Dataset records —
• • • • • • •

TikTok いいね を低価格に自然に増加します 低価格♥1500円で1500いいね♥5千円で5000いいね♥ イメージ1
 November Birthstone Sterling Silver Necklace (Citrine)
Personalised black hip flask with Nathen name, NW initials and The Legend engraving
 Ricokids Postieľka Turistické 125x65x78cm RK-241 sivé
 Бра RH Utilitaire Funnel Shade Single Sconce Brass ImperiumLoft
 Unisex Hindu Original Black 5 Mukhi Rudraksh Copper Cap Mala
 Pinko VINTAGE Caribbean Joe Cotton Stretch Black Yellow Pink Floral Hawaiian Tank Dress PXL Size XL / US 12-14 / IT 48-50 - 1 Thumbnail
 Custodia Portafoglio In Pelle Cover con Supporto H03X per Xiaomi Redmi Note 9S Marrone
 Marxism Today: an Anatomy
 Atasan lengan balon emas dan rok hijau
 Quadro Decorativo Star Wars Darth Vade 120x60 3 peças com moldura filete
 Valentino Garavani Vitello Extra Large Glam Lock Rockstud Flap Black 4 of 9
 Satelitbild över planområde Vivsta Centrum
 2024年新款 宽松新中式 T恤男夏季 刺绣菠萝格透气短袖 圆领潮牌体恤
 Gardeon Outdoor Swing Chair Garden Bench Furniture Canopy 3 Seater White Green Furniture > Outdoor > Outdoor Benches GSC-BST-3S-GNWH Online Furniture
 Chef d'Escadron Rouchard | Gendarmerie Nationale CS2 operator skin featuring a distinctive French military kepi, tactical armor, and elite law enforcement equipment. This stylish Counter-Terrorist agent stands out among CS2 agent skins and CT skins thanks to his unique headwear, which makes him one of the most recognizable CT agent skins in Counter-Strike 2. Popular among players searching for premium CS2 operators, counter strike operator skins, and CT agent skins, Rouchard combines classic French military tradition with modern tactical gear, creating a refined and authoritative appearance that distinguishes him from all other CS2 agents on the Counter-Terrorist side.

• • • • • • •

Prompt —
Take from the material above every line that includes the word "with".

Completed exercise —
Personalised black hip flask with Nathen name, NW initials and The Legend engraving
 Chef d'Escadron Rouchard | Gendarmerie Nationale CS2 operator skin featuring a distinctive French military kepi, tactical armor, and elite law enforcement equipment. This stylish Counter-Terrorist agent stands out among CS2 agent skins and CT skins thanks to his unique headwear, which makes him one of the most recognizable CT agent skins in Counter-Strike 2. Popular among players searching for premium CS2 operators, counter strike operator skins, and CT agent skins, Rouchard combines classic French military tradition with modern tactical gear, creating a refined and authoritative appearance that distinguishes him from all other CS2 agents on the Counter-Terrorist side.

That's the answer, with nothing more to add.